The scenario can be quickly proven in the lab.  Disk.SchedNumReqOutstanding is configured for the default value of 32 active IOs.  Using resxtop, I see my three VMs cranking out IO with IOMETER.  Each VM is configured with IOMETER to create 32 active IOs.  If what I’m being told by the challenge is true, I should be seeing 96 active IO being generated to the LUN from the combined activity of the three VMs.

Snagit Capture

But that’s not what’s happening.  Instead what I see is approximately 32 ACTV (active) IOs on the LUN, with another 67 IOs waiting in queue (by the way, ESXTOP statistic definitions can be found here).  In my opinion, the Scalable Storage Performance whitepaper most accurately and best defines the behavior of the Disk.SchedNumReqOutstanding value.

Snagit Capture

Now going back to the possibility of the Disk.SchedNumReqOutstanding stacking, LUN utilization could get out of hand rapidly with 10, 15, 20, 25 VMs per LUN.  We’d quickly exceed the max supported value of Disk.SchedNumReqOutstanding (and all HBAs I’m aware of) which is 256.  HBA ports themselves typically support a few thousand IOPS.  Stacking the queue depths for each VM could quickly saturate an HBA meaning we’d get a lot less mileage out of those ports as well.

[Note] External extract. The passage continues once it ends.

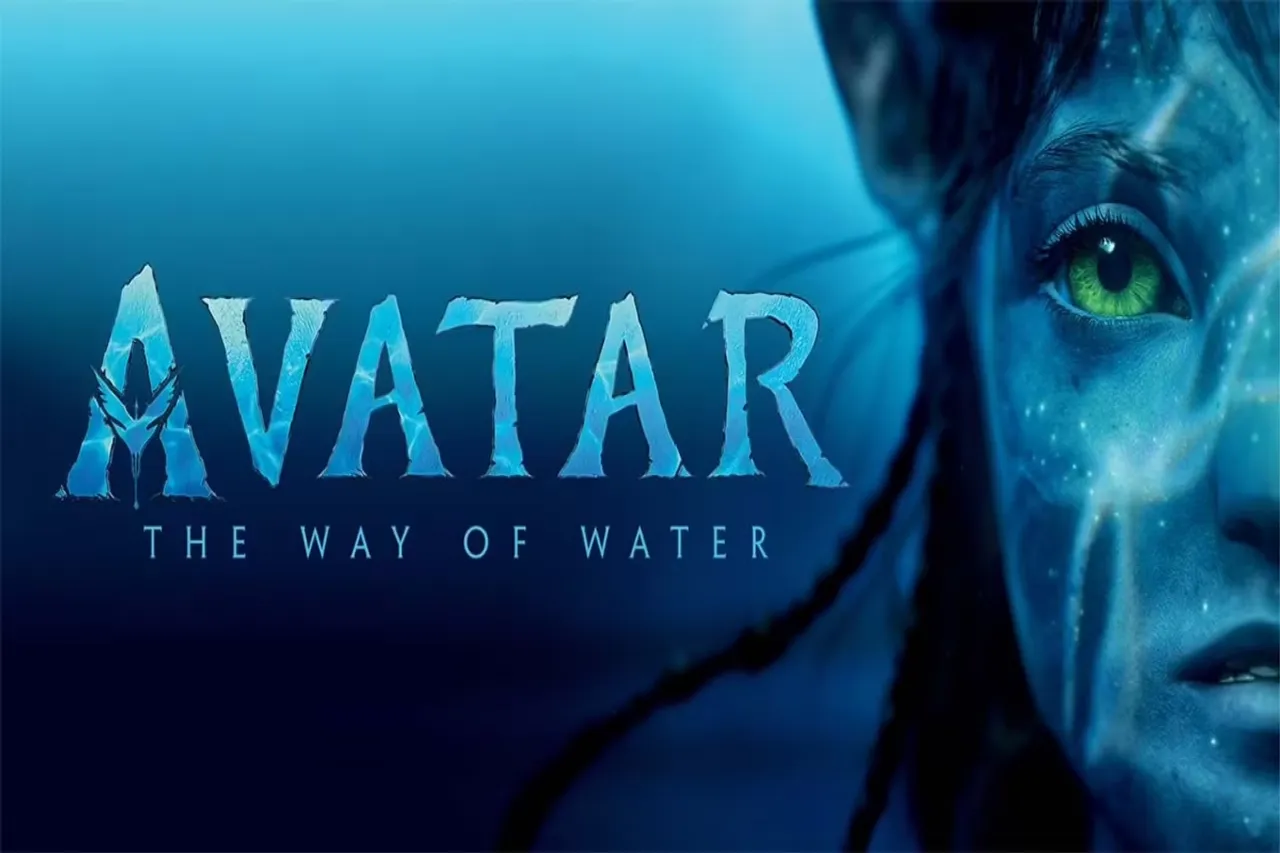 Avatar: The Way Of Water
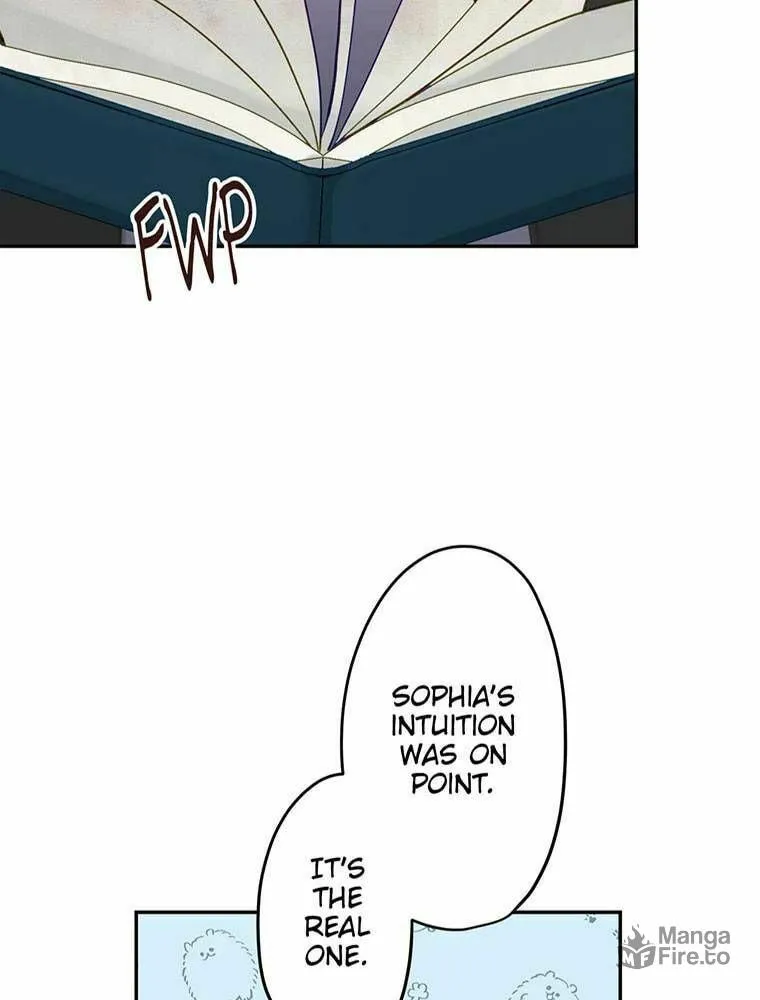 Boku no Konyakusha no Hanashi Chapter 28 page 66 -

While having a queue depth discussion, it’s also worth noting the %USD value is at 100% and LOAD is approximately 3.  The LOAD statistic corroborates the 3:1 ratio of total IO:queue depth and both figures paint the picture of an oversubscribed LUN from an IO standpoint.

In conclusion, I’d like to see VMware modify the wording in their documentation to provide better understanding leaving nothing open to interpretation.

Update 6/23/11:  Duncan Epping at Yellow Bricks responded with a great followup Disk.SchedNumReqOutstanding the story.